NFL commissioner Roger Goodell has said the Washington Redskins' nickname has “a positive meaning” in a letter to 10 members of Congress, who had earlier urged team owner Daniel Snyder and the NFL to change the name because it is offensive to many Native Americans.
The members of Congress sent their letters to Snyder, Goodell and the other 31 NFL franchises in May. Goodell's response was sent June 5, a copy of which can be viewed on the Indian Country Today Media Network.
"The Washington Redskins name has thus from its origin represented a positive meaning distinct from any disparagement that could be viewed in some other context," Goodell stated. "For the team's millions of fans and customers, who represent one of America's most ethnically and geographically diverse fan bases, the name is a unifying force that stands for strength, courage, pride and respect."

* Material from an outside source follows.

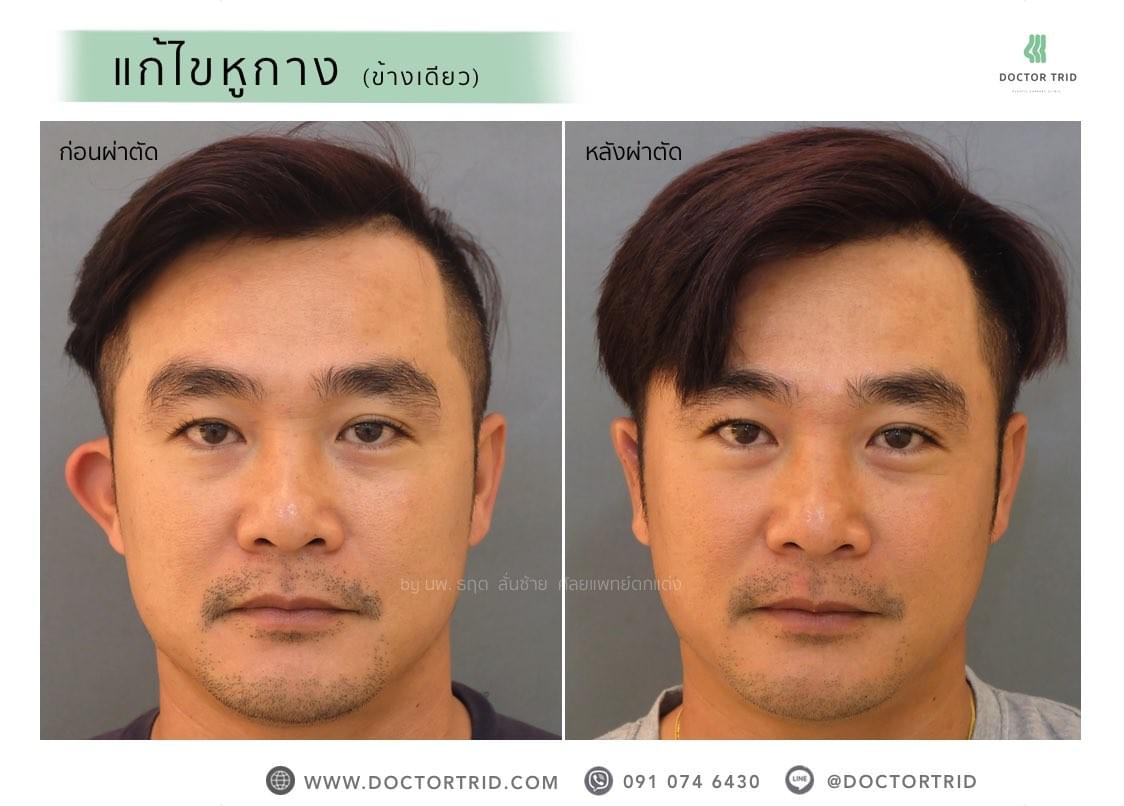 ภาพการผ่าตัด แก้ไขหูกาง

Betty McCollum (D-Minn.) and Eni Faleomavaega (D-American Samoa) responded to Goodell's letter with statements of their own. McCollum said Goodell's letter was "another attempt to justify a racial slur on behalf of Dan Snyder and other NFL owners who appear to be only concerned with earning ever larger profits, even if it means exploiting a racist stereotype of Native Americans." Faleomavaega said that Goodell "completely missed the point regarding the Washington franchise's name."
The letter to Snyder said that "Native Americans throughout the country consider the 'R-word' a racial, derogatory slur akin to the 'N-word' among African Americans or the 'W-word' among Latinos." The nickname is the subject of a long-running legal challenge from a group seeking to have the team lose its trademark protection. The team’s owner has vowed he will never change the name.